Abrams, while speaking in an interview with The View on Tuesday, was asked about recent comments she’s made in which she said she wants to be vice president — and someday, possibly even the commander-in-chief.
“A lot of people want to see you on that ticket,” host Whoopi Goldberg said. “You’ve said any Democratic candidate can come and talk to you about being VP — explain to people why you say this.”
Abrams obliged. “I’m getting the question a lot from folks,” she said. “And the answer is, of course I’d be honored to run for vice president with the nominee.”
The Georgia Democrat admitted that she felt it was somewhat “obnoxious” to be talking about the issue, as no one has actually come out and asked her yet to run with them. Yet, she also explained why she was so forthright with her answer:
Stacey Abrams "would be honored to run for vice president with the nominee" if asked.
"It would be doing a disservice to every woman of color, every woman of ambition…for me to say no," she adds. "Of course I want it—of course I want to serve America." https://t.co/2AyZvIkd0C pic.twitter.com/TP26QaRPKk
— ABC News Politics (@ABCPolitics) February 18, 2020
“What I want people to understand is that, the issue is, as a woman of color, especially a black woman, this is an unusual position to be in, for somebody to be considered possibly the next vice president,” Abrams explained. “It would be doing a disservice to every woman of color, every woman of ambition…for me to say no, or to pretend, ‘Oh no, I don’t want it.'”
“Of course I want it. Of course I want to serve America. Of course I want to be a patriot,” she added.

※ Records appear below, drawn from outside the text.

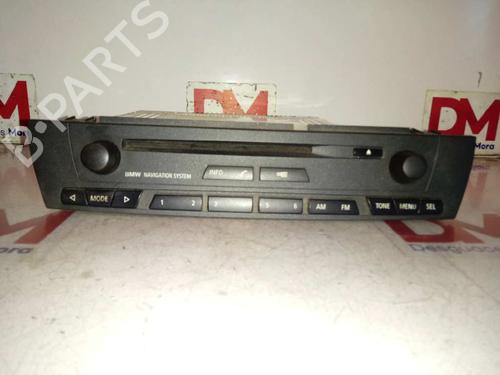 Radio BMW X3 (E83) xDrive 30 d | BP12647764E6 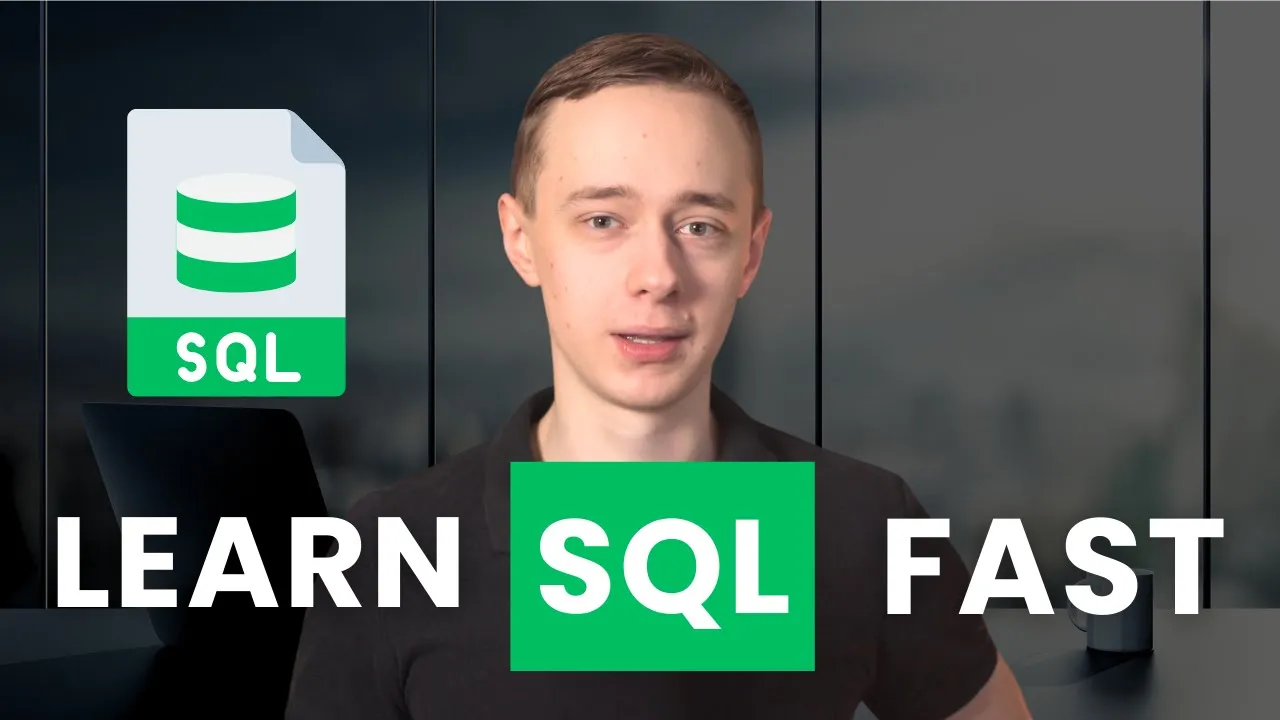 Learn SQL Fast: The Effective 4-Step Strategy for Beginners
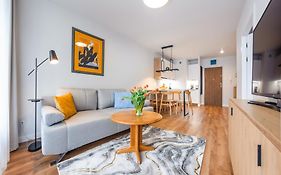 Apartamenty Sun&Snow Osiedle Bursztynowe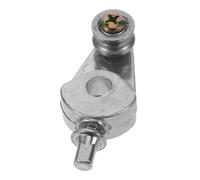 BAZEITFLOW Drum Pedal Spring Cam Assembly for Bass Drum Foot Pedal Metal Hook Tensioner for Enhanced Responsiveness and Precise Rhythm Control for Jazz and Standard Kits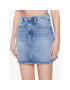 Pepe Jeans Jeans krilo Rachel Skirt PL900979PE9 Modra Regular Fit - Pepit.si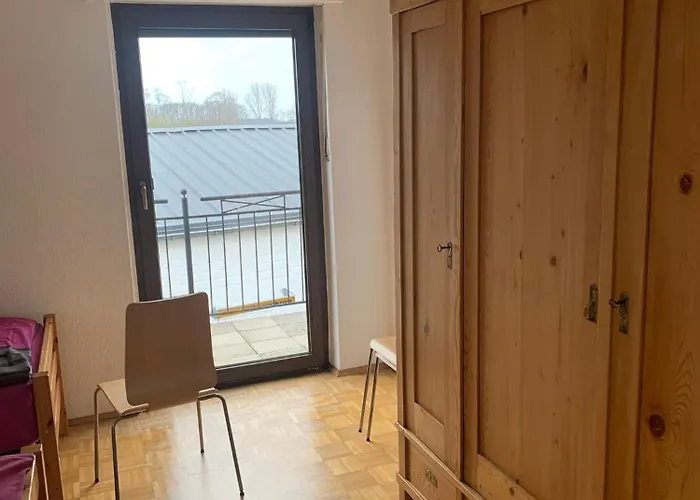 Lägenhet Wiesenblick *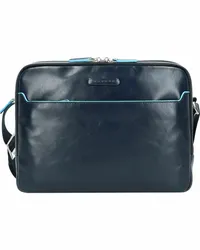 Piquadro Blue Square Aktentasche 22 cm night blue Blau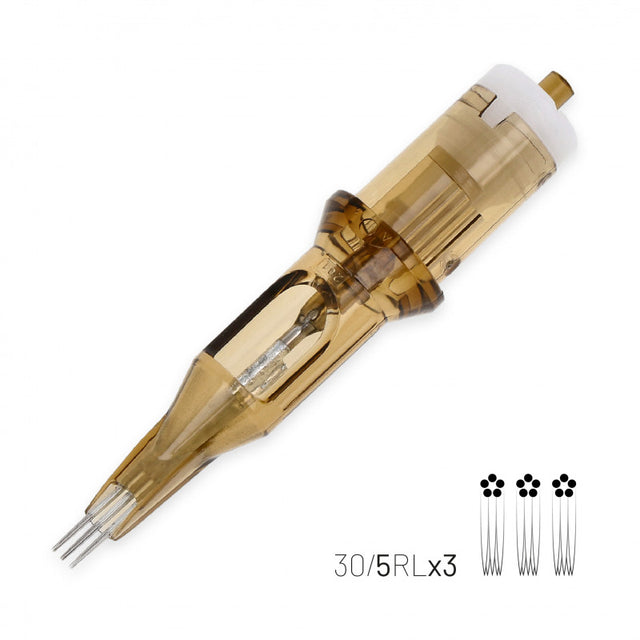 CARTUCHOS KWADRON 05RLx3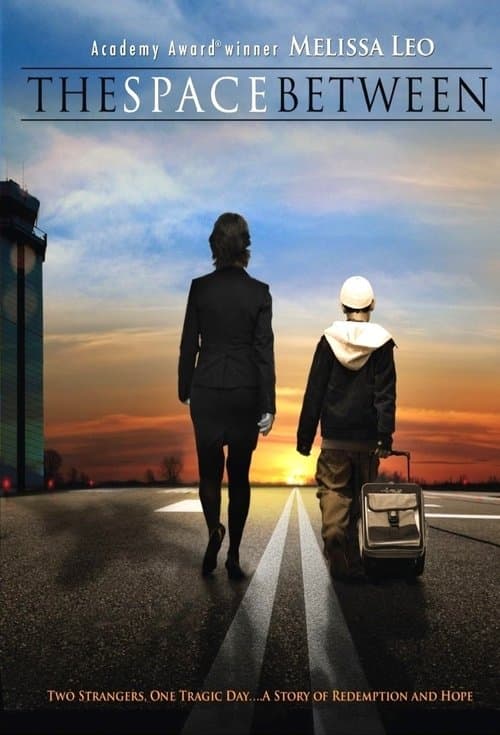 The Space Between poster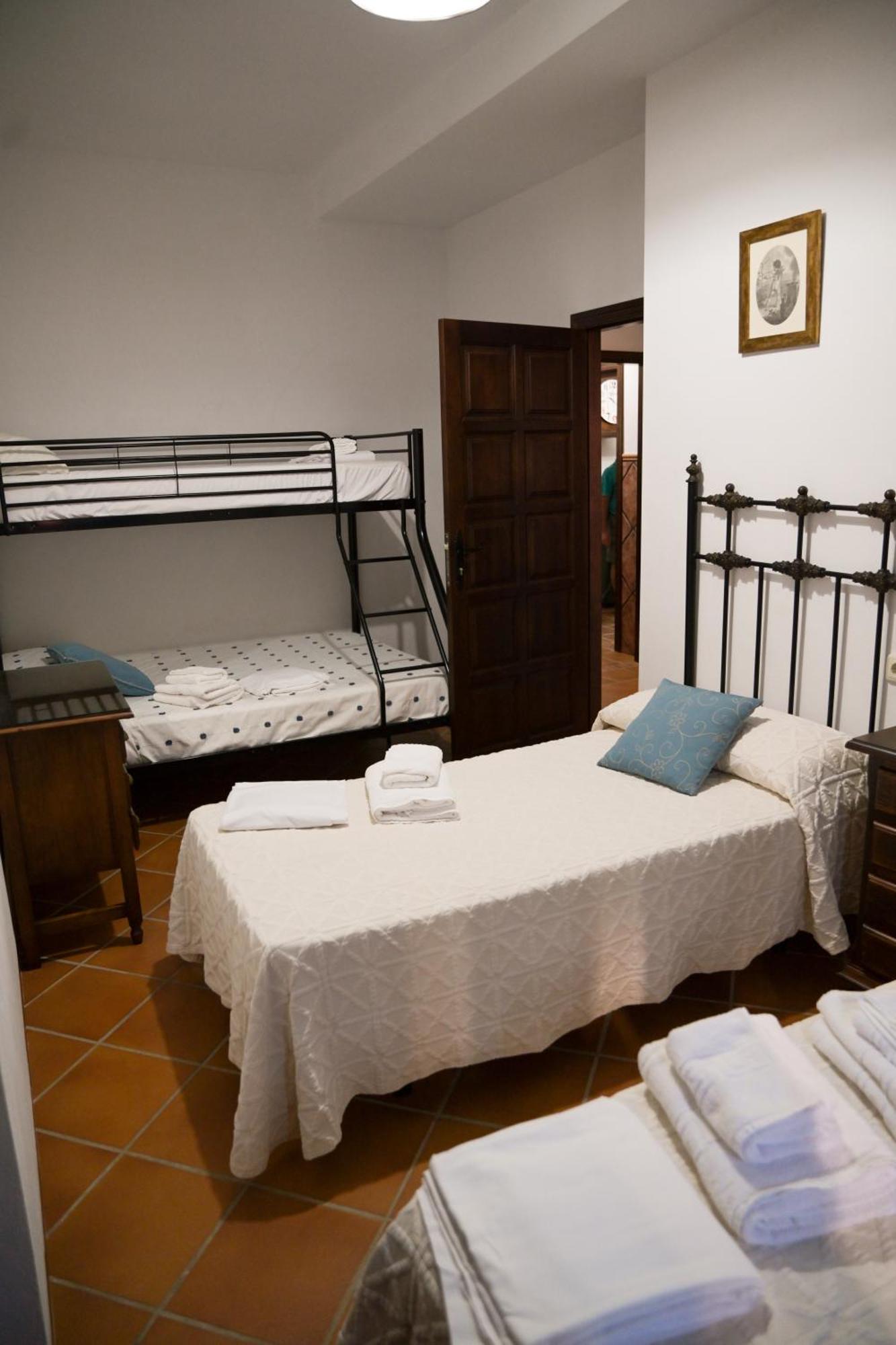 Casa Rural La Encina Hornachuelos Extérieur photo
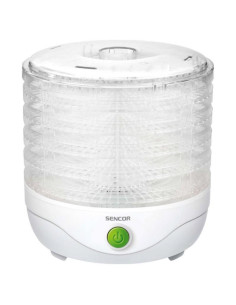 Suszarka do grzybów Sencor SFD750WH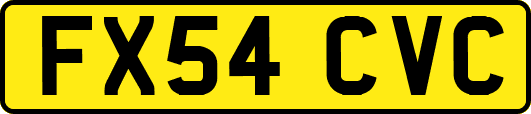 FX54CVC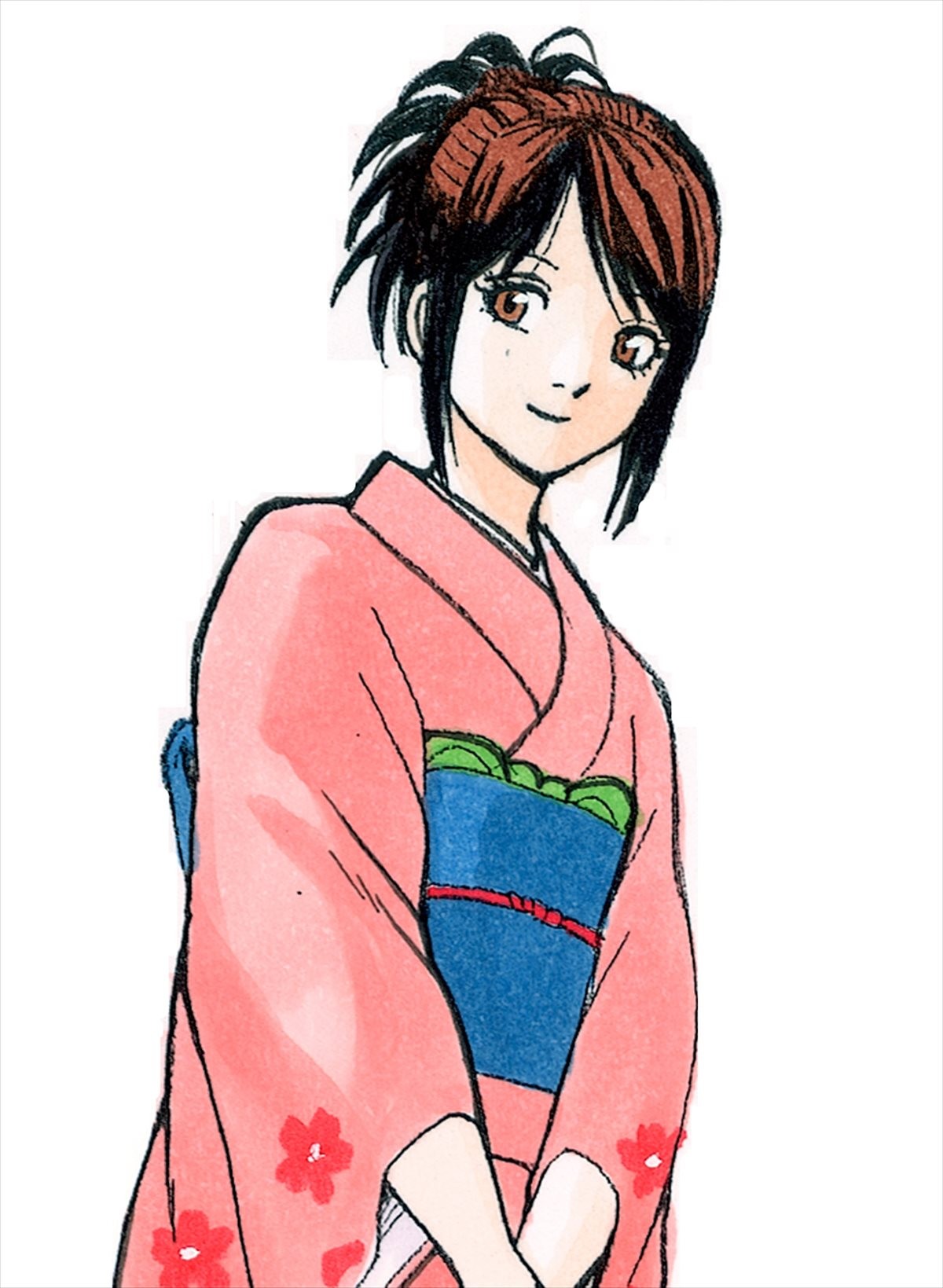 実写『銀魂』、神楽役は橋本環奈！「『鼻ホジ』や『ゲ○吐き』シーンも…」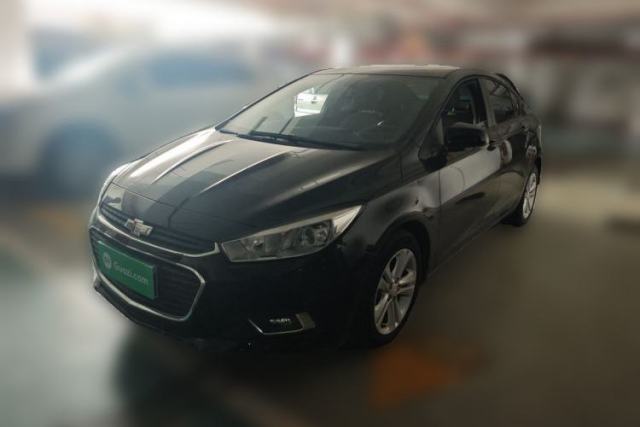 Used Chevrolet Cruze 2015 1.5L Automatic Luxury Edition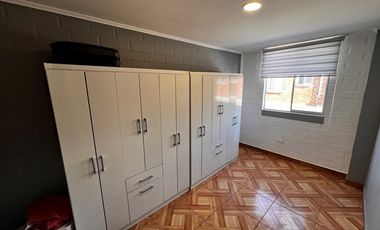 Casa en Quilicura Rigoberto Jara 2D 1B
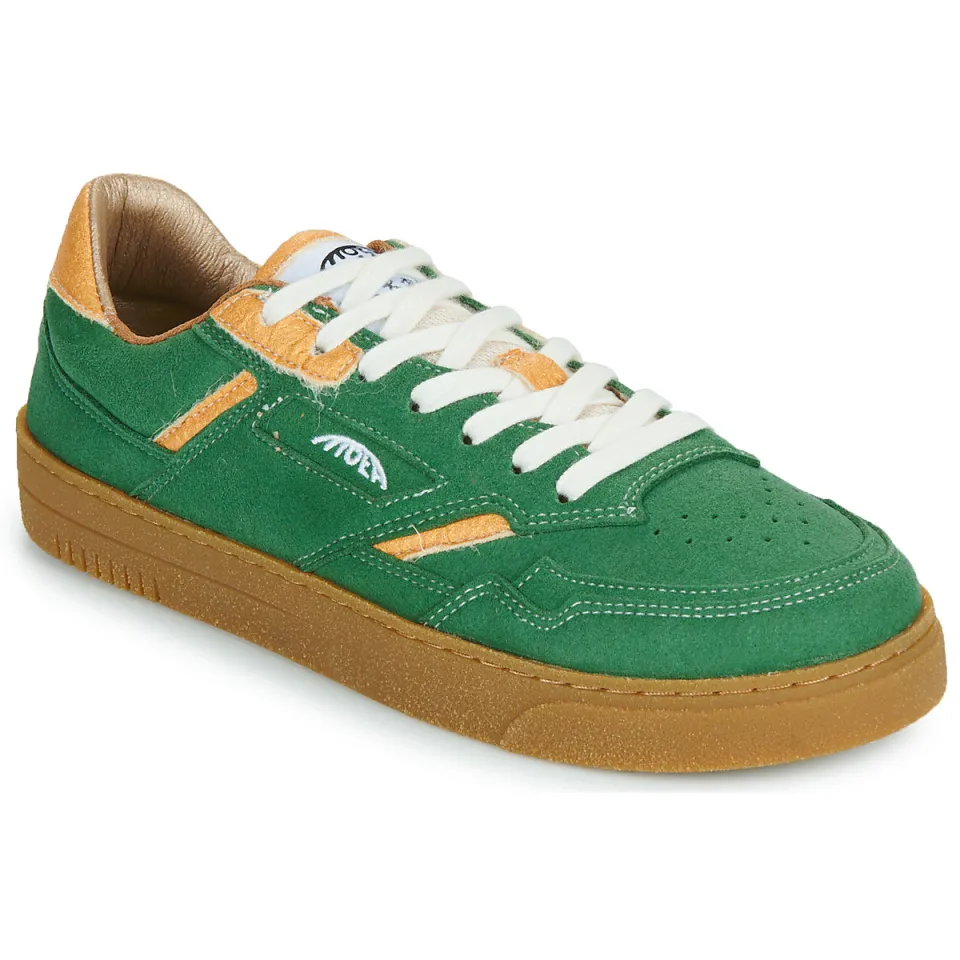 MoEa Origin Low sneakers groen, foto 2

Abrams added that she could see herself running for president one day, too, adding that her ambitions shouldn’t be mocked.
Adding Abrams to the Democratic presidential ticket is something many in the party would like to see happen, for a number of reasons. As already mentioned, she came incredibly close to winning the “red” state of Georgia, which could put that state in play in November.
She also has tremendous name recognition. In a poll conducted last spring, 40 percent of voters said they knew of Abrams when asked about her — giving her greater name recognition, at the time, than a number of presidential candidates, including Amy Klobuchar and Julian Castro.
Around that time, rumors abounded that former Vice President Joe Biden, himself also a candidate for president for this year’s election season, was considering Abrams as someone who could potentially join his ticket, should he receive the party’s nomination to take on President Donald Trump in the general election.